Drones Now Reveal Earthquake Threats Deep in the Ocean

Drones Now Reveal Earthquake Threats Deep in the Ocean
David Chadwell and a team of geophysicists have created a drone that is capable of detecting earthquakes within a subduction zone — something that current technology has a hard time achieving.The new drones will replace ships that are capable of tracking acoustic beacons along the seafloor, which in turn can locate potential earthquakes by providing a GPS position.The drone technology from Chadwell’s team will not only cut costs by replacing expensive ships but will also offer more reliable readings on potential earthquakes. The current ships used by the National Science Foundation (NSF) can cost up to $50,000 a day. The new drone technology would only cost around $500 a day.
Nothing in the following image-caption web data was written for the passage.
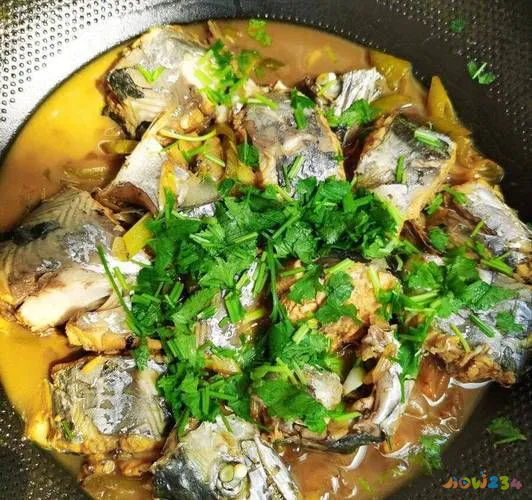 汤做鲅鱼_家常鲅鱼汤_鲅鱼汤的做法大全窍门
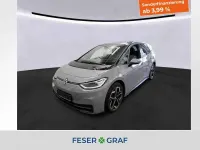 Brugt VW ID.3 150 kW (204 HK) 2021 Grå Hatchback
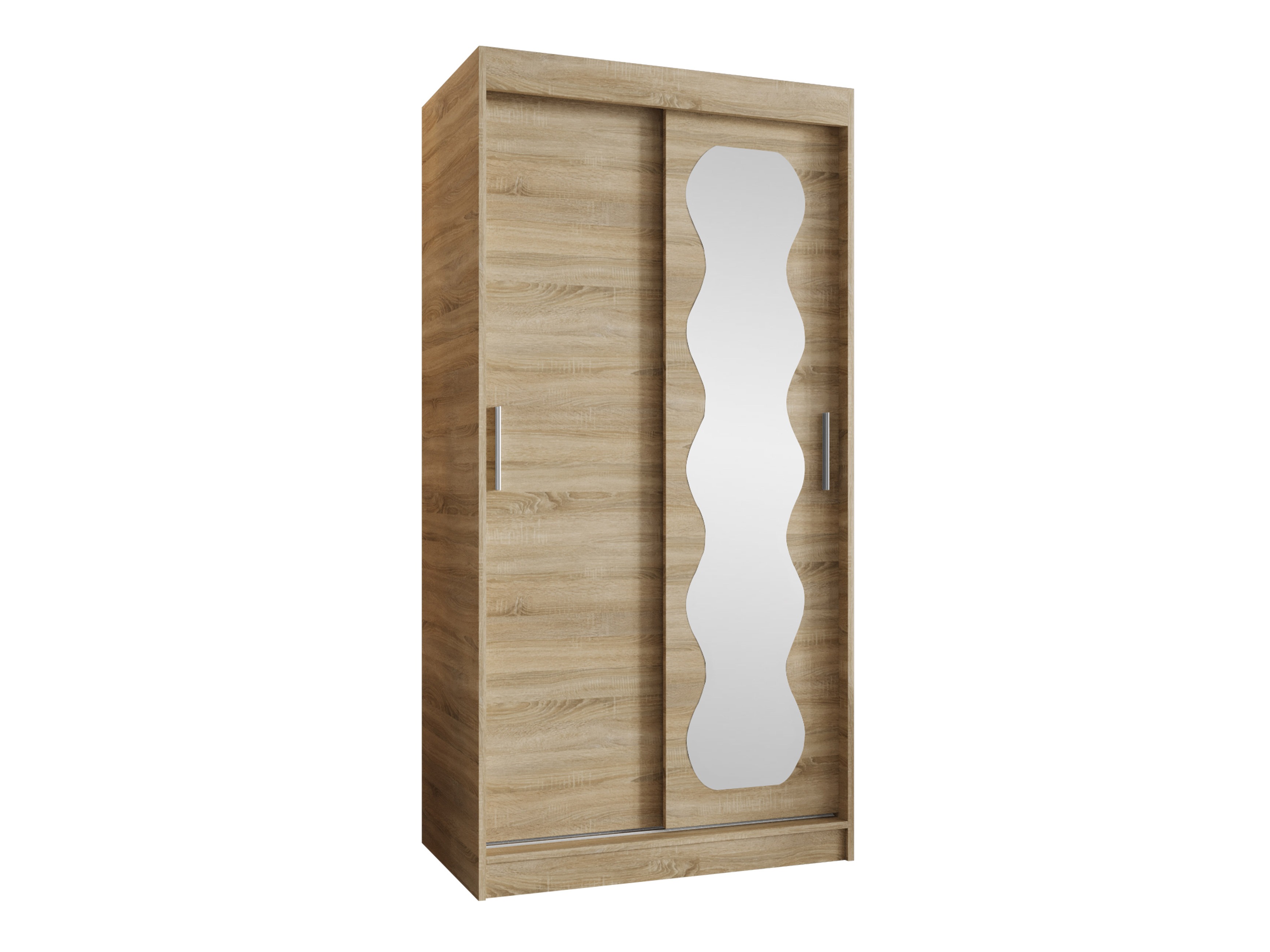 Armario Hartford 578 (Roble Sonoma)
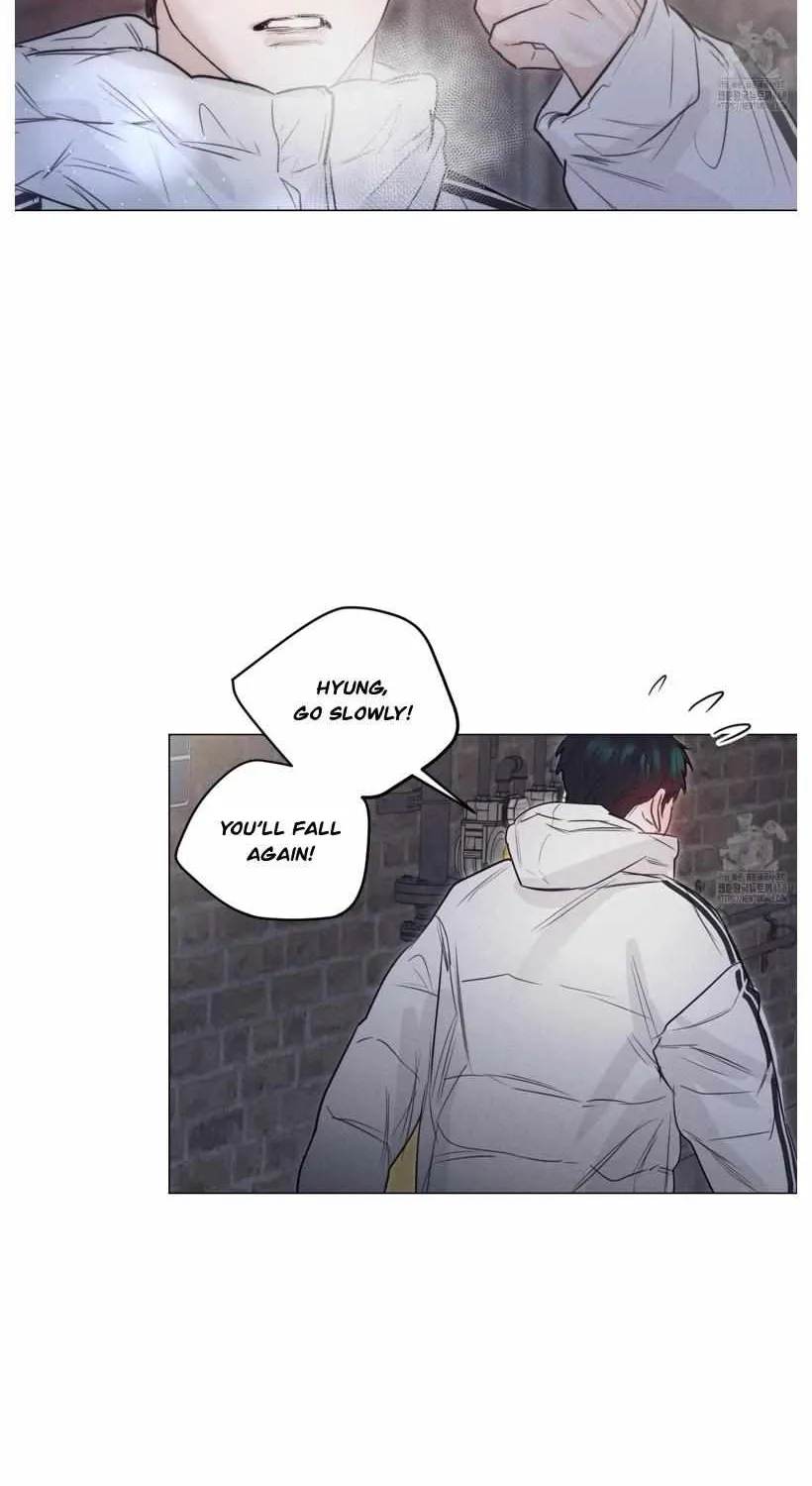 Read After a Meal chapter 5.1 image 31 on Lezhin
Laura Wallace, a geodetic scientist told Science Magazine that the new technology was “going to make a huge difference,” after the NSF purchased three drones from Chadwell’s team for $5.5 million to survey 16 different seafloor sites.

The NSF is hoping to use this technology to learn more about a potential earthquake in the Cascadia subduction zone, which is located just off the Pacific Northwest. Previous reports indicate that a sizable earthquake could be the result of the zone rupturing.

With the new drone technology, the NSF is hoping to be able to pull in more information about earthquake threats deep in the ocean. Hopefully, the NSF will continue to fund research from groups like Chadwell’s so that it can uncover more information on any potential threats.